Molecular Gastronomy
SO! As an introduction to molecular gastronomy at Saturday Science, we did both caviar and spaghetti, made out of JUICE.
We based the recipe on this sort of genius "non-molecular gastronomy" recipe by SprinkeBakes, which still has a lot of science.
- Oil and water doesn't mix! Compare what happens when you add the juice mix to water and to oil.
- Because of that, droplets of water in the oil pull themselves into balls....
- And the extreme temperature semi-instantly sets the jelly!
- Plus, Agar agar is SEAWEED and noone knew that that seaweed could make jelly. Predictions (seaweed is slimy, and jelly is slimy, so...) abound.

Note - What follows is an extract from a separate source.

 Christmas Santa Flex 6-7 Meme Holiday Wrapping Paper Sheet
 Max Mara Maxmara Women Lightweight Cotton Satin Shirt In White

For classroom versions of this recipe, where I didn't have access to a stovetop, and things had to be at safe temperatures for very little ones and hands-on to infinity for the oldest kids, I boiled juice in the kettle WITH the agar. We tried adding agar to the boiled juice, but that didn't work at all.
To make spaghetti, I poured some of the juice mixture into squeeze tubes from Dollarama and let them cool to touchable temperatures before we used them. We'd carefully squeeze the juice into a straw, drop it in an ice bath, then squeeze out the spaghetti a minute later. Worked pretty alright, especially for the 7-10 kids.